> _What the exercise asks_: Only the lines of the listing below that run from the line with "Circumcision, Sex, God, and" through the line with "På gjengrodde stier" are to be set down, word for word. Pictures stay out.

> _Given data_:
+---+

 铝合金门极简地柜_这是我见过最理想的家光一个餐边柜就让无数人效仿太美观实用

+---+

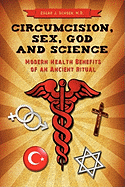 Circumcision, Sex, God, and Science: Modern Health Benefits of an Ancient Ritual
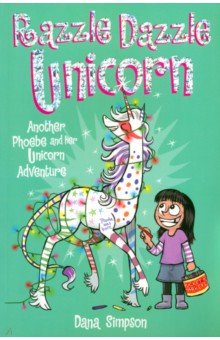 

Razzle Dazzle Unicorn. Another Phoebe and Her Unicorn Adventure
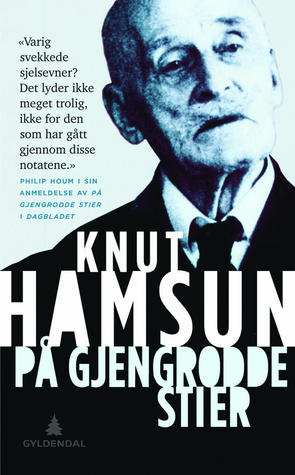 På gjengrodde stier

+---+

> _Solved exercise_:
 Circumcision, Sex, God, and Science: Modern Health Benefits of an Ancient Ritual

Razzle Dazzle Unicorn. Another Phoebe and Her Unicorn Adventure
 På gjengrodde stier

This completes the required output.